British budget statistics show no trace of big spending cuts and austerity measures in Britain, Karlsson writes.

In this November 2012 file photo, Britain's Prime Minister David Cameron arrives at the EU council headquarters in Brussels for a European Union leaders summit discussing the European Union's long-term budget. Spending is up in Britain, despite talk of big cuts, Karlsson writes.

Yves Herman/Reuters/File

November 26, 2012

We've all heard the fairy tale of the big spending cuts and "austerity" in Britain. Yet there is no trace of that in the British budget statistics. During October for example, spending excluding interest payments was £48.3 billion, up by 9% compared to Ovtober 2011. That reflected largely calendar effects, but if you look at the August-October period as a whole, the increase was 3.7%.  And for the entire January-October 2012 period spending increased by 3.9% compared to January-October 2011. This is significantly above the rate of inflation (especially if you look at the GDP or domestic demand deflators) and also significantly above nominal GDP growth.

Because of that, and because of the fact that total tax revenue has been roughly unchanged in nominal termsm (which is to say they've fallen in real terms), the deficit has increased by about £10 billion. The increase would have been even larger if interest rates hadn't been so low due to Bank of  England QE and because of the irrational investor belief in British bonds as "safe havens"., something that has caused interest payments to decline despite a rising debt level.
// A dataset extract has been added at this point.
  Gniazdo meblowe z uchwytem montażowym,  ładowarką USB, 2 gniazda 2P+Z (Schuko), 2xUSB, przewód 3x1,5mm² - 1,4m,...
It could also be noted that because of a misleading accounting trick, formal net borrowing is down. What they did was to transfer the Royal Mail pension fund to a government institution, and then subtract the assets of that fund from net borrowing and net debt, while ignoring the liabilities that the fund has. This didn't really reduce the real burden of debt, but it reduced formal net debt, and for this year, formal net borrowing.